When I lived overseas, bus service -- both inter- and intra-city -- ran from 5AM to 12PM, at 20-minute intervals. But that was "long ago, in a galaxy far, far away."
I live in Oakland, CA in a fairly walkable/transit friendly area. Across the street I have a commuter bus that goes to SF, I used it when I worked in SF. Also there is a bus thar goes to downtown (a 10 minute ride to the BART our subway/commuter rail) and a few other areas. It runs 7 days a week but the frequency sucks. It is every 30 minutes during the week from 7-8 and once an hour on the weekends from 7-7 I think. One block down gives me access to a trunk route that I mostly take to the BART or to transfer from the other trunk route.
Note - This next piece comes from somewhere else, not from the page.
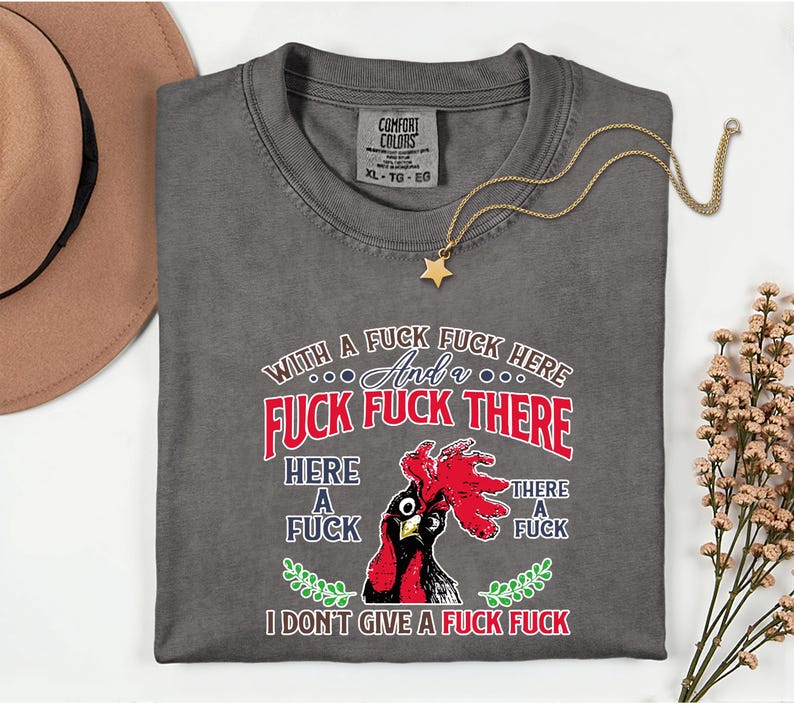 May include: Gray t-shirt with a graphic of a rooster and the text "WITH A FUCK FUCK HERE And a FUCK FUCK THERE HERE A FUCK THERE A FUCK I DON'T GIVE A FUCK FUCK". A gold star pendant necklace is on the shirt.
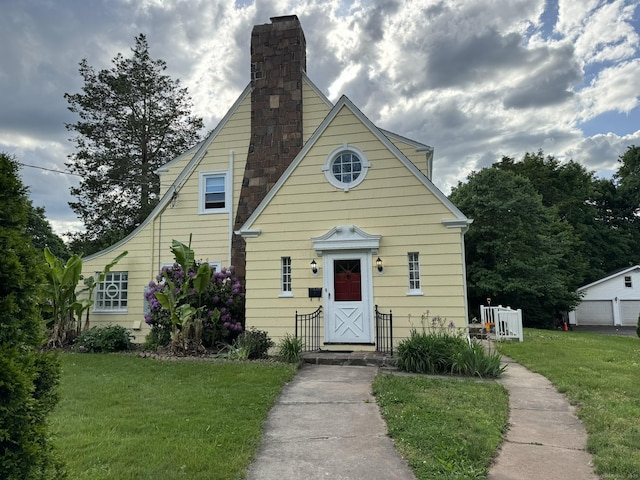 view of front of property with a front lawn and a chimney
It runs about 6-midnight every 15-20 minutes daily. But travels east/west a direction I don't go as often. 3 blocks away give me access to 2 more buses that run downtown and to nearby cities (Berkeley and Alameda).
So those buses gave me access to the other neighborhoods I visited most and the train stations, which are about 1-1.25 miles away for me. The train is a quick ride to SF for me, about 20 minutes. I also have used it on my bike to work experiments, I live 30 miles from work.
I used to use transit 1-3 days a week (driving the rest). Now I have swapped most of the bus rides for my bike. And use the train too. I bike to the train vs taking the bus or driving. I am thinking about biking 1-2x a week. Most of my local destinations are within 3 miles.
i do carpool quite a bit. I am sort of the DD in my friend circle. My sister and about 3 other close friends are transit only. Most don't have drivers licenses either. They also do not bike, but one is thinking about getting one. So I get to cart everyone around if we go somewhere transit unfriendly or if I happen to be heading to target.
Last night was magical.
I had to work yesterday and took my Xootr just in case. On Sunday, most public transit systems cut service dramatically so I'll take any bus or tain that's going in the direction I'm heading. If I'm left 2 or 3 miles from my destination, I'll use the Xootr and complete the journey.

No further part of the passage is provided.